Tuesday, May 13, 2008

Tuesday Statisticz: Breaking down the success of superhero movies

Obviously, Jon Favreau's Iron Man has been a huge hit at the box office thus far, and it has done surprisingly well on imdb as well. Currently it is rated 8.3 and #133 on the top 250, but those numbers will drop after a few months like they always do with new movies.

I naturally began to wonder what specific factors lead these superhero movies to do well at the box office. I refined my search to movies within the past 6 years that feature one main superhero, which excludes X-Men are the Fantastic Four, as well as any wack older movies. Here's a chart with imdb's weighted rating (accessed May 13 on imdb) on the y-axis and total US gross box office numbers (found here) on the x-axis:

There's a definite correlation here, with a pretty high r squared of 0.356. But there are some deviations from the trend line. Hellboy made much less money based on what we'd expect from it's imdb rating (rated 6.7, grossed $59,000,000), while Spider-Man 3 made substantially more money than we'd expect (rated 6.6, grossed #$336,000,000).
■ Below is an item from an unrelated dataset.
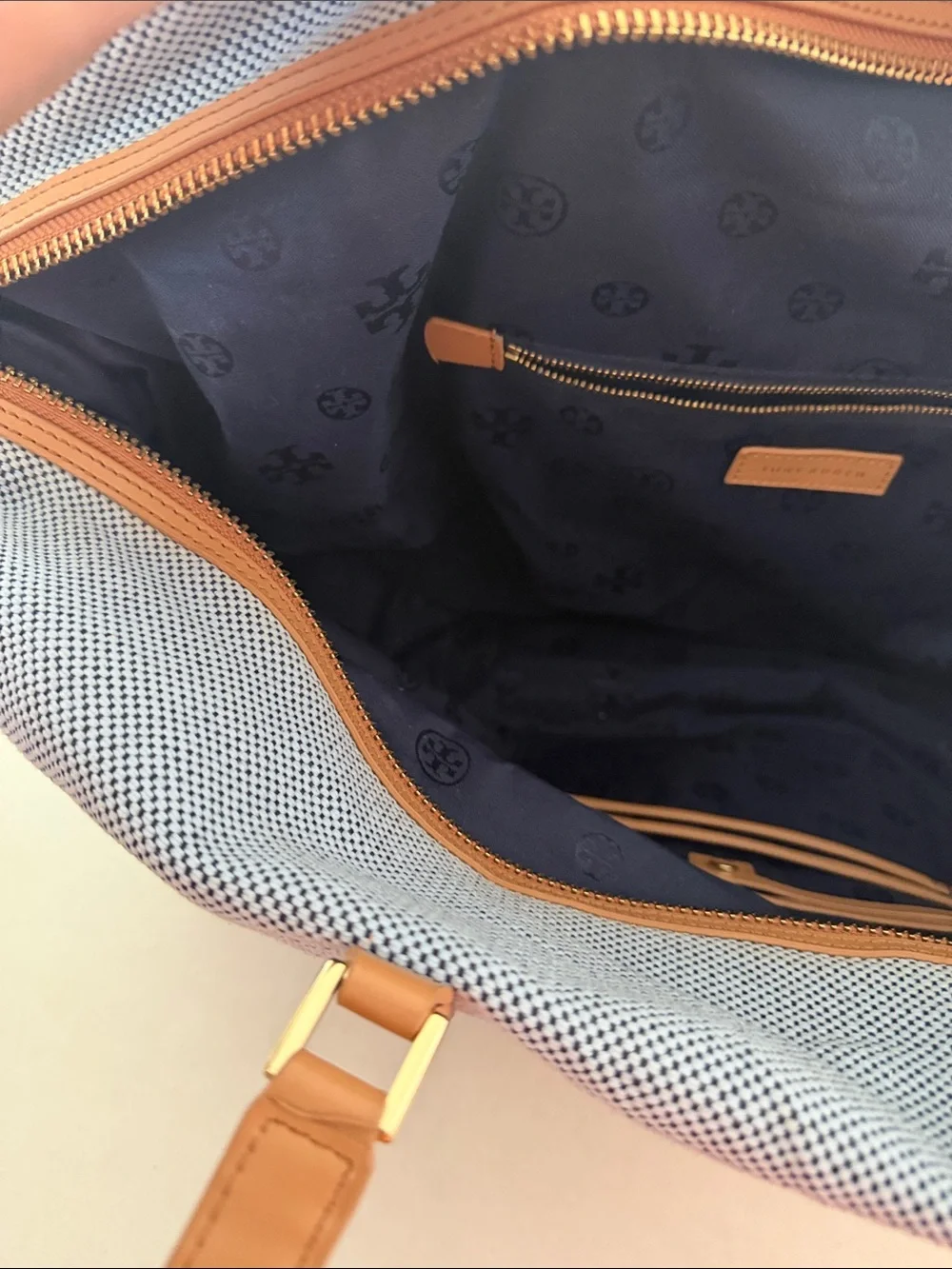 Tory Burch Light Blue Canvas Weekender with Tan Leather Logo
Why did Spider-Man 3 make so much more? A quick glance at their demographics (found here and here) shows that Spider-Man 3 did much better in the category of females under 18. While they are not huge voters on imdb, experience tells us that young women go to the movies in droves. So here's a chart with females less than 18's ratings versus the total US gross box office numbers:

As you can see, there is a high correlation here as well (with an r squared of 0.399), although that is to be expected since females under 18 are one constituency of imdb's total votes. Although this chart tells us that we may be on the right track, what we are really looking for is the difference in ratings between females under 18 and the total ratings, versus the deviations from the trendline that we found in our first chart. We want to find out if the ratings of females under 18 can explain those deviations. So here's a chart:

While the r squared value of 0.177 is not as high here as in the previous two charts, it is more interesting because it's non-intuitive. Who would have thought that young girls would have such an impact on the box office numbers of movies based on comic book characters, which you would assume to be male-targeted audience? The other possibility is that the females under 18 on imdb are one of the only groups that don't self-censor their own ratings. Perhaps they vote based on their own levels of enjoyment instead of considering how others in the future will judge them.

The trendline in the first chart predicts that Iron Man will eventually gross $333 million. I would expect that the number will be a little bit lower because its rating will eventually drop from 8.3, and because females under 18 don't love it, giving it a 7.5. So my official guess is $300, up from its current total of $178 (million). Check back in a few months for the results of one of my first statistical predictions.